EDITORIAL

To Weather the Crisis India Must Reverse Economic Policies

The brave official rhetoric of India remaining insulated from the ‘made in USA’ economic crisis has now officially given way to a measured discourse of caution. On November 3, in a meeting with top corporate heads Prime Minister Manmohan Singh described the crisis as ‘unprecedented’ and cautioned that the global downturn triggered by the US financial crisis would prove to be ‘more severe and prolonged’ than expected earlier. He also talked about the need to minimize the impact of the financial crisis on the real economy and appealed to corporate heads to avoid any ‘knee-jerk reaction’. A group of ministers has been set up to monitor the ‘abnormal situation’ on a daily basis and a former chief economist of the IMF, Raghuram G Rajan has been named as a special economic adviser for the government. 

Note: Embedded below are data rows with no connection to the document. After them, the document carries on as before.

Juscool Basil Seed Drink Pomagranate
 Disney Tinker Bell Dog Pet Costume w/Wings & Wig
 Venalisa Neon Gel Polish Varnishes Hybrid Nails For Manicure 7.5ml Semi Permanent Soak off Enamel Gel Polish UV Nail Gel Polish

The Prime Minister’s appeal to avoid large-scale lay-offs came in the wake of an ASSOCHAM assessment that the corporate survival strategy would entail an across-the-board 25% layoff in India. On the eve of Diwali – the much celebrated festival of lights – India’s biggest private airline carrier Jet Airways had in fact announced retrenchment of 1900 employees, a decision which was withdrawn after two days following widespread protests. The public sector aviation unit is also reportedly toying with the idea of a different kind of lay-off, giving its staff an ‘option’ to go on leave-without-pay for five years! The PM is obviously bothered only about the political fallout of large-scale lay-offs, in the same breath he also emphasized the need to make every effort ‘to cut costs and raise productivity’.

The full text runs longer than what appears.